Physical Architecture v1.0.0 Diagram
The above diagram is a much more accurate picture of what the final result of the Terraform execution will produce. Overall, we are looking to encapsulate our solution into a virtual private IP space as much as possible and restrict the rest to only communicating with a specific allowed list of IP ranges. As mentioned above, in this first release, we secure the Databricks component by disallowing direct external IP connection to the Databricks clusters. Over time we will add additional layers of protections to the Azure Storage as well as other components. We also introduce the concept of Azure Policy as an enforcement mechanism of our desired secure state. In this release, we have an Azure Policy that restricts us to using a Geopolitical zone we feel is compatible with most of our use cases.
Diagram Details
Naming Conventions – The names in the diagram have XXX or YYYYY or ZZZZZZZZZZZZ. These repeating capital letter patterns indicate three different reused strings by the terraform code to create multiple instances without naming collision concerns. XXX represents the three-letter company code expected by the terraform code. The five letter length YYYYY represents a random string generated by the terraform code at runtime and stored in the state file to be reused by any future updates. The 12 letter length Z pattern is a randomly generated string by Databricks when it creates its own managed resources.
(1) – The “dbw-mdp-XXX-YYYYY” is the core resource group for the modern data platform; it contains all of the resources created by the terraform script. Currently, the resource group contains the Azure Databricks service, the Vnet, subnets, and the load balancer and storage accounts. Lastly, it contains an NSG that secures the subnets in which virtual NICs will be placed when Databricks Clusters are spun up.
(2) – The managed resources group is automatically created by the instantiation of the Azure Databricks Service. This resource group is populated with a managed identity for the ADB services as well as a storage account for its internal functions. This resource group is where the compute instances will be spun up for any Azure Databricks Clustered associated with the ADB Service.
(3) – The mdp-databricks-vnet is a 10.0.0.0/16 sized private virtual network. The Vnet has two subnets, mdp-public-subnet and mdp-private-subnet each a /24. The remaining IP address space is unused as of now. While the Vnet is used by resources both in the core and managed resource group, it exists in the core “dbw-mpd-XXX-YYYYY” resource group.
(4) – The “Public” subnet allows egress traffic out of the Vnet to the internet via the load balancer. When Databricks clusters are spun up via the control plane, each machine will get a Virtual Nic created in this subnet. The private IP CIDR range is 10.0.1.0/24 allowing for 255 IPs resulting in 250 usable IP addresses in the subnet. Both the Public and Private subnets rely on the same NSG for network security rules and traffic control.

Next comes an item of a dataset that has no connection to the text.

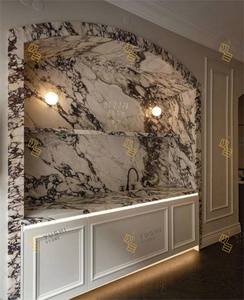 جزيرة مطبخ من رخام كالاكاتا فيولا على الطراز الأوروبي من يوشي، خزائن رخامية قابلة للتخصيص لديكور الفنادق والفلل الداخلي - Product Image 5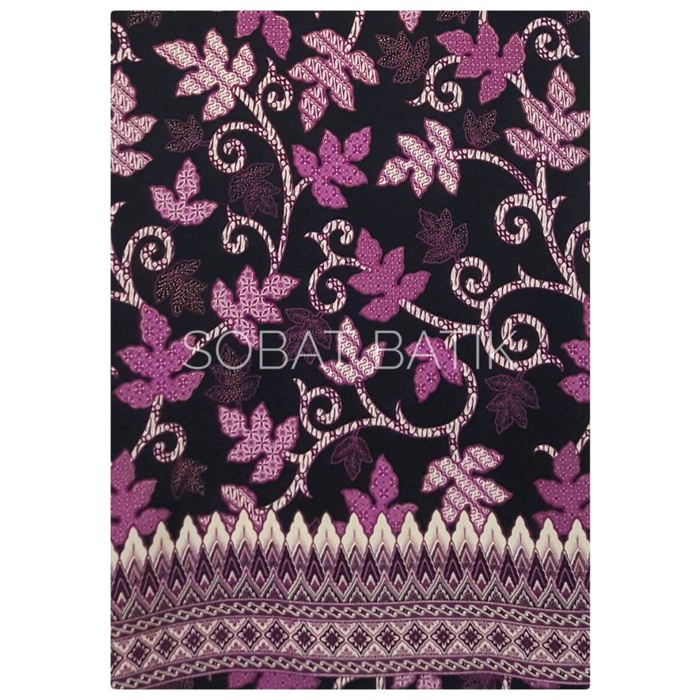 Batik Kain Batik Semi Sutra Motif 91132 Hitam Ungu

(5) – The “Private” subnet does not allow egress traffic out to the internet but will allow traffic with other parts of the Vnet. When Databricks clusters are spun up via the control plane, each machine will get a Virtual Nic created in this subnet. The private IP CIDR range is 10.0.2.0/24 allowing for 255 IPs resulting in 250 usable IP addresses in the subnet. Both the Public and Private subnets rely on the same NSG for network security rules and traffic control.

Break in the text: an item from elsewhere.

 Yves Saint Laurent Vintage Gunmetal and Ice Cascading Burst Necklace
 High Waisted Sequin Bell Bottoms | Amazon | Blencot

(6) – The mdp-databricks-nsg that protects both the public & private subnets. It allows for traffic within the Vnet as well as outbound traffic to the internet from both subnets. It also allows inbound traffic into both subnets from the Load Balancer, but only the public subnet is connected as a backend pool from the Load Balancer. Lastly, the NSG does not allow for inbound traffic from the internet into the Vnet in general.

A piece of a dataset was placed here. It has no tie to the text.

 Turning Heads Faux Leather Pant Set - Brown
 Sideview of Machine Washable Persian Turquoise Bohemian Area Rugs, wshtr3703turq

(7) – The Load Balancer that connects the Public IP address to the Public Subnet.
(8) – Once again not much to say here its the Public IP address for the Load Balancer.
(9) – Three Azure v2 Storage Accounts to be used by Azure Data Bricks as part of the Modern Data Platform. As mentioned previously, these are to be used in the standard Bronze, Silver, Gold configuration. This means that the Raw data will be loaded to the Bronze storage account, and as it is refined in fit, form, and function, it will progress from Silver to the Gold storage account.
(10) – The Azure Databricks Service Instance is connected to the mdp-databricks-vnet. Public Access is still allowed to the workspace, but the Databricks clusters spun up by this service will be in the Vnet created as part of the terraform code. There is no public IPs to the cluster VMs will be created when they are spun up. All traffic from the Cluster VMs will be controlled by the NSG connected to both the public and private subnets.
(11) – When Azure Databricks creates clusters, the Virtual Machines will end up in the managed resource group and their NICs connected to both the private and public subnets of the mdp-databricks-vnet. Based on the current size of the public and private subnets, we can create a total of 250 VMs across any number of Databricks Clusters.
(12) – This is an Azure Policy restricting resources to the East US 2 and Central US Azure Regions. The Policy is connected to the core resource group only. You cannot add policies to the managed resource group created by the Azure Databricks platform.
One More thing before you go
Hopefully, it was explained a little better in this blog post than in the summary I gave on Github. Speaking of Github, if you want the code it is available in Github, see the “terraform-modern-data-platform v1.0.0“, below in the Useful Links section to go to the specific tag discussed in this post.
There is a little bit more included in the repository. The Terraform code will upload a CSV to the Raw storage area under a container named “example.” The Terraform then spins up a small cluster that maps the Raw storage container to the cluster mount point. Finally, the Terraform loads a Juypter notebook to the Shared Folder in the Data Bricks workspace. This notebook runs a few very simple python commands over the CSV file, just to help you make sure everything is functioning as designed and provide a beginner example of how these resources could be used. The upload of the Juypter notebook did not work as intended, but you can run your checks in a Juypter notebook:
df = spark.read.option("header", "true").csv("/mnt/example/example.csv")
df.show()